Every day, more than 2 million people use New York City’s mass transit system to get to work in Manhattan’s core, below 59th Street. They know the streets are paved with gold—their jobs, on average pay more than jobs anywhere else in the region or even the US. But Superstorm Sandy has had crippling effect on the city’s transportation knocking out the subways and other commuter-rail systems, such as the PATH and NJ Transit, which connect neighboring New Jersey to lower Manhattan and midtown, as well as the Long Island Railroad and Metro North Railroad, which connect to New York suburbs.
Today, buses were restored, although lines snaked around entire blocks to board, and commuters traveling by car or taxi faced gridlock. Under New York City traffic conditions, a lane of road will take perhaps 1,000 people per hour; a loaded subway train can take that many every two minutes. That is why the agglomeration of finance, publishing, retail, high-tech, food, and other industries, not to mention tourism, all work on a relatively small island.
People come in horizontally (trains) and go up in skyscrapers vertically (elevators). How does it work? Finance folks—who can afford to live almost anywhere, often in multi-million dollar apartments in the core—have offices in the core and especially lower Manhattan. But they must be helped by folks who sell them papers, serve their food, clean their offices, and on and on. All of these folks can’t live just anywhere; they must live where they can find affordable housing, which is usually at least a half-hour commute by subway. New York’s subways are the only system in the world to operate around the clock and are extremely extensive. To have subways down for even a week causes an economic nightmare. Sure, many folks find other ways, like the grocery chain Fairway’s employees coming to work by taxi.
Partial subway service is due to be restored tomorrow but the bulk of the system could take weeks, even months to be up and running again. Why will they be down so long? The tunnels and many stations have been flooded, much with saltwater which is a great conductor of electricity, as well as a very corrosive liquid. To get the more-than 400 miles of subways up and running, water must be pumped out and then the tracks must be walked and inspected every inch of the way. Debris has to be taken off the track, the switches and signals and other electric and electronic controls dried, cleaned, repaired or replaced and tested. Then and only then, can the power be restored, small-section by small-section, to be sure all is okay, and when all is okay, test trains have to be run. It takes time to both get the system running and to do so to ensure safety of both the workers and riders. If this is done for the whole system in less then a week, it will be amazing and a true testament to those who really run the system—the system maintainers, electricians, bus and subway car maintenance people and so on.

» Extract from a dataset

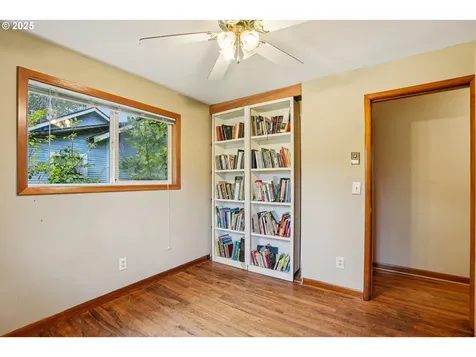 131 SE Anne Street Mcminnville OR 97128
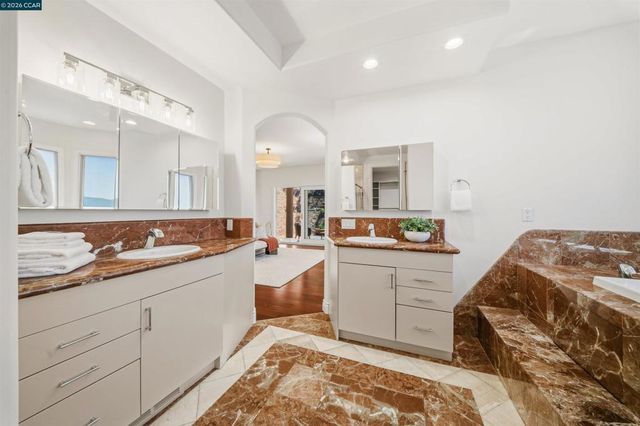 554 Oakshire Pl, Alamo, CA 94507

Hurricanes over the last decade have not only been occurring with more frequency, but with more severity. Many earth scientists have been saying that New York City is due for a surge and it got one big time. Is this a once in 100-year storm? Probably not. So should we build some storm gates at tunnel entrances and redesign subway entrances and grates to be closed in storms at great capital expense? It is definitely time to rethink the benefit-cost equations. New York can’t afford another Sandy.